▶ [Exercise directions]:
Your job is to retype the records exactly while dropping every picture.

▶ [Data for processing]:
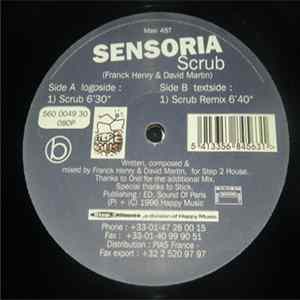 Sensoria - Scrub flac
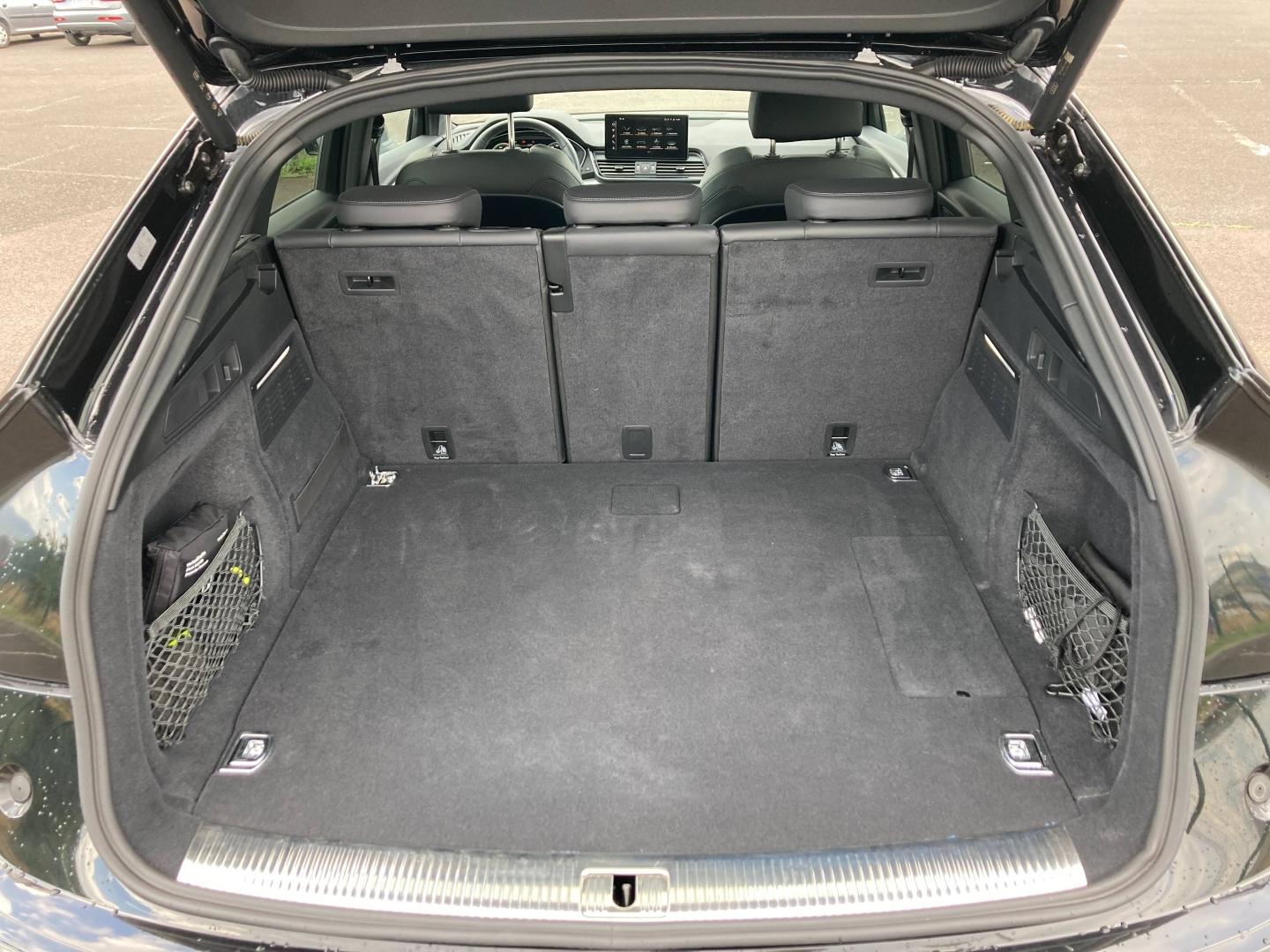 Voitures occasions Audi Q5 Sportback S line Clermont-Ferrand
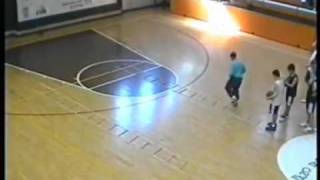 Pepe Casal  La mejora de los movimientos de pies en defensa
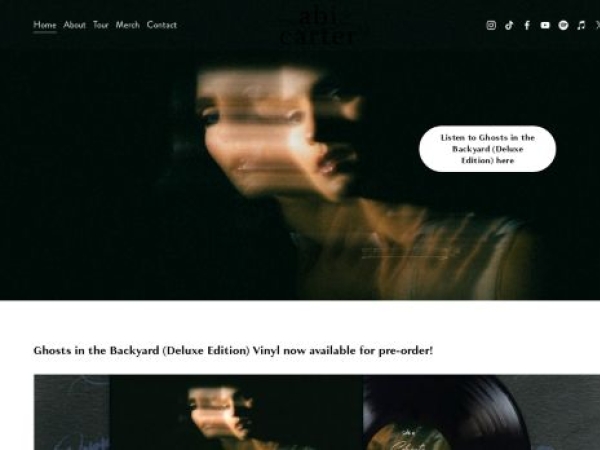 abicartermusic.com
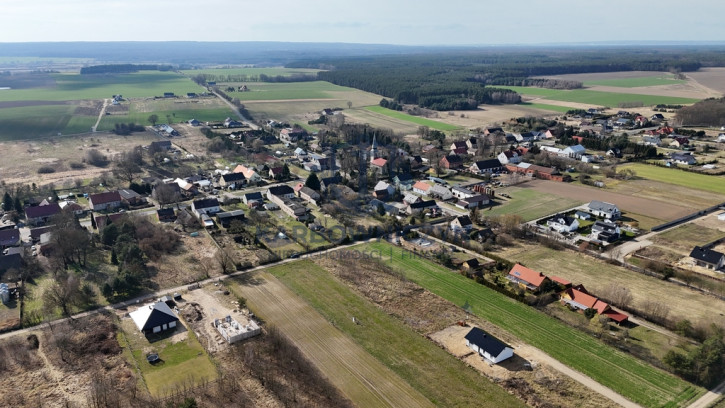 Działka Sprzedaż Bielkowo Ogrodowa 7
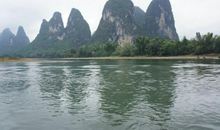 关于水的作文：桂林山水甲天下_900字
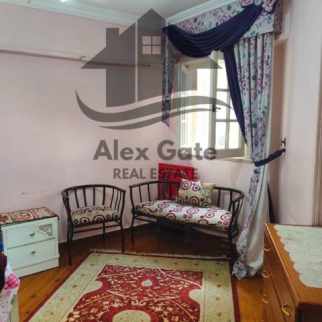 Apartment For Rent In Kafr Abdou - Qism Sidi Gabir - Alexandria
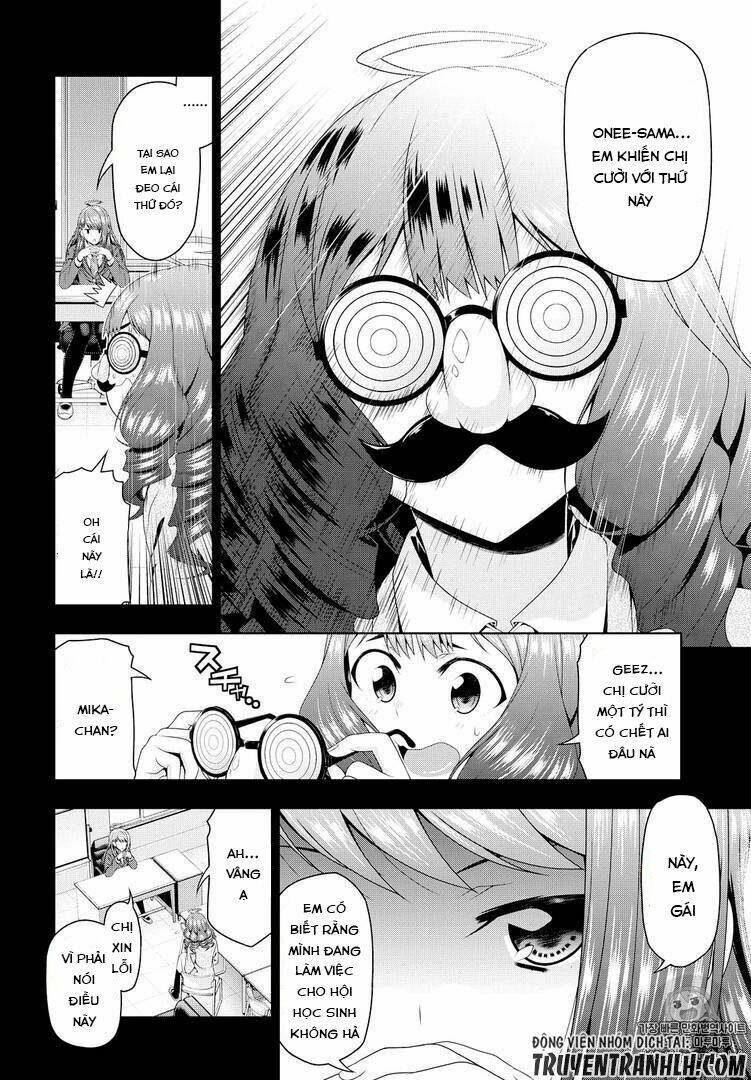 Mida Love: Chapter 13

▶ [Task output]:
 Sensoria - Scrub flac
 Voitures occasions Audi Q5 Sportback S line Clermont-Ferrand
 Pepe Casal  La mejora de los movimientos de pies en defensa
 abicartermusic.com
 Działka Sprzedaż Bielkowo Ogrodowa 7
 关于水的作文：桂林山水甲天下_900字
 Apartment For Rent In Kafr Abdou - Qism Sidi Gabir - Alexandria
 Mida Love: Chapter 13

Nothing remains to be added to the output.